Je vous propose de consulter l’interview que Philippe Lazzarini, commissaire général de l’UNRWA, l’agence des Nations unies pour les réfugiés palestiniens, a donné au Monde ou les déclarations que recueille L’Orient-Le Jour. Lazzarini déclare :

Malgré toutes les images insoutenables en provenance de Gaza, il n’y a pas de réaction. « 

Il dit aussi que le monde semble avoir perdu son humanité.

Lazzarini n’aborde pas le problème par l’angle du droit, mais ses propos ne manquent pas de force.

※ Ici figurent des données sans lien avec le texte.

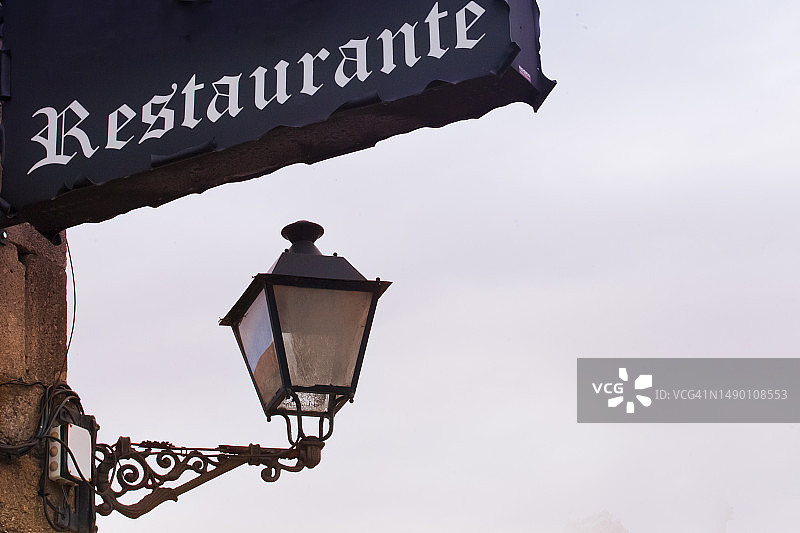 铸铁餐厅招牌与老式街灯图片素材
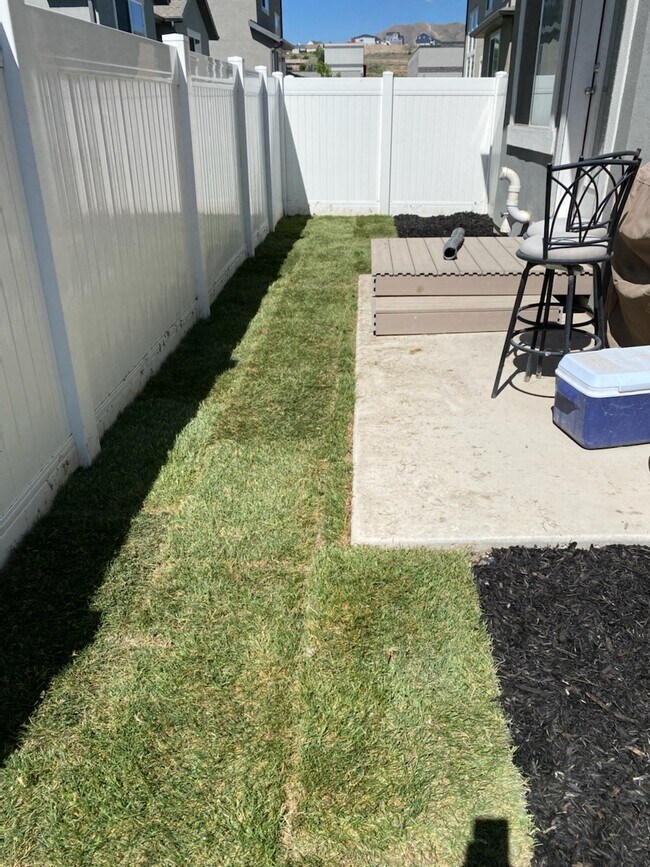 Building Photo - 4133 W 1760 N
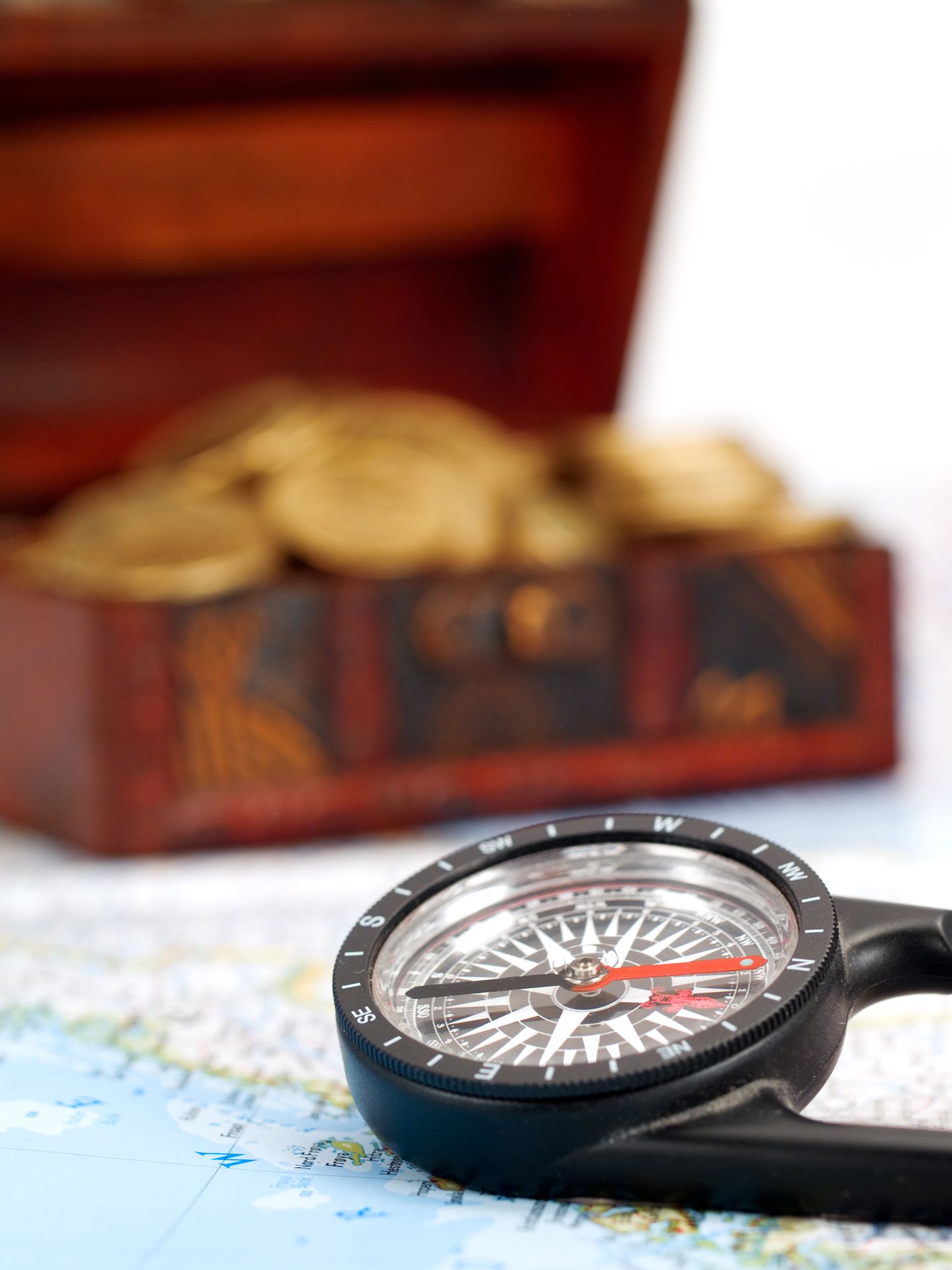 Kaart, kompass ja aardelaegas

J’essaye, avec ces considérations, de vous dire ceci :

Vous avez raison de vous intéresser aux qualifications juridiques que doit recevoir ce qui survient à Gaza. Mais vous pouvez aussi adopter un point de vue moral, humain, sur ces mêmes faits. Ce n’est pas, en tout cas, parce qu’on n’est pas un juriste émérite qu’on ne peut pas prendre part au débat public. Je répète que les deux démarches ne s’excluent pas. Dans les deux cas, il est souhaitable de se renseigner et d’étayer ses affirmations.